Children learn to communicate by interacting with carers, early childhood educators, and their peers.
A child’s communication development is everyone’s responsibility. Speech pathologists can support children (and those who care for them) to build communication, and make sure children are developing “between the flags.”
We can work together to:
- find out which children are understanding and speaking “between the flags”
- create communication-supporting learning spaces
help children with a range of communication needs.
Speech pathologists can also provide therapy to help children with:
- understanding and using pictures, symbols, signs, gestures, speech sounds, words and sentences
- taking turns and making eye contact
- building skills for later reading and spelling
stuttering, voice and feeding difficulties.
Don’t 'wait and see'
Please speak to parents about their child’s communication as soon as you have any concerns. Get advice from Speech Pathology Australia by phoning 1300 368 835.
Work together with a speech pathologist in your area.

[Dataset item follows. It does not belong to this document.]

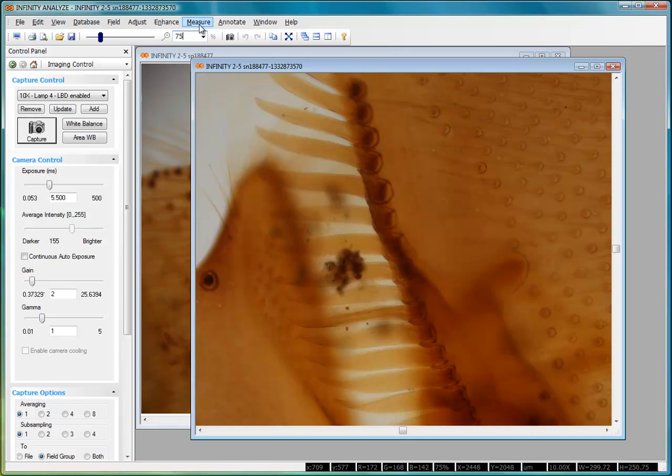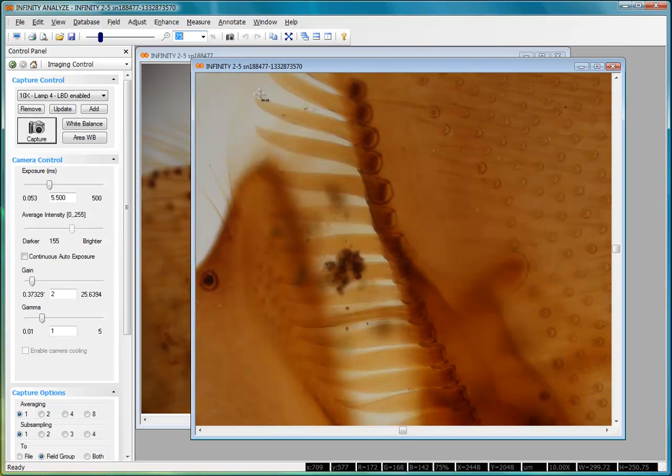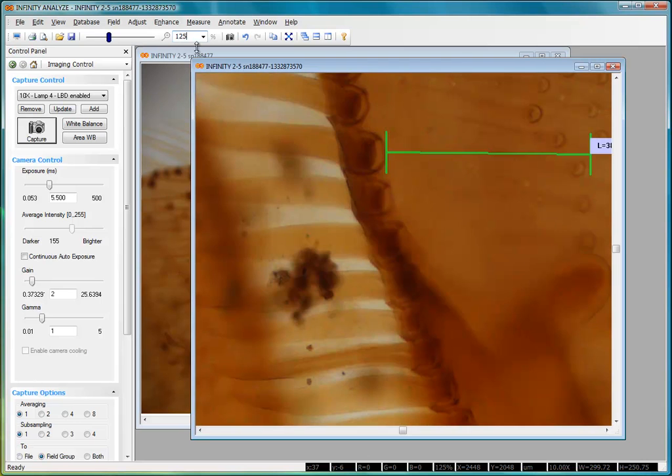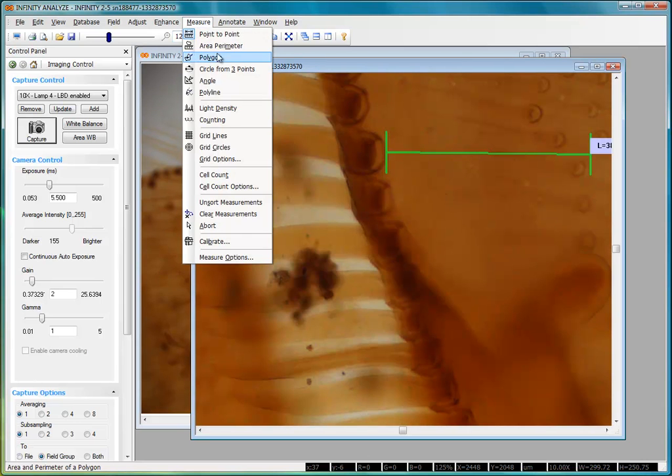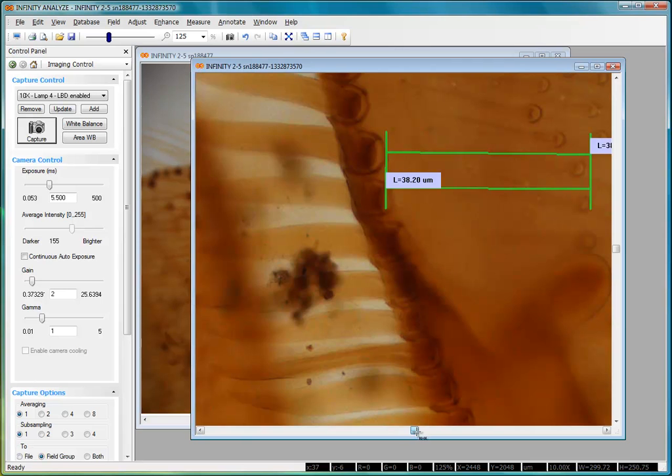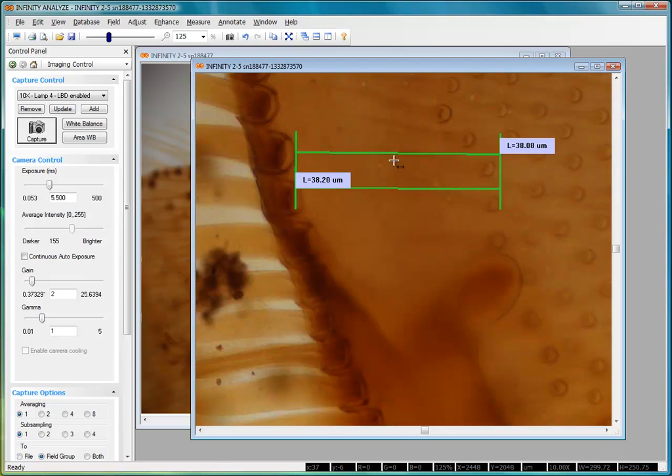If you take measurements on your image, assuming that you have a calibrated image, here I've got a length of about 38 microns. And if I change the zoom level and take another measurement and go in the opposite direction, you can see that the calibration and measurements honor the zoom level that you're at. So you can take your measurements at whatever zoom level you're comfortable with.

You can contact speech pathologists:
- through local community health centres and not-for-profit organisations
- by calling or emailing private practices.
Try searching for speech pathology services online, or at www.speechpathologyaustralia.org.au (click on ‘Find a Speech Pathologist’).
Language and cultural differences
Children from different backgrounds, including Aboriginal and Torres Strait Islander backgrounds, may use words differently when learning English. This may not be a problem. Always encourage families to use the language(s) at home that they are comfortable speaking.
Regardless of whether English is a child’s first language, ALL children need meaningful language experiences through stories, music, nursery rhymes, play, and LOTS of repetition. If you’re unsure about their responses, talk to a speech pathologist.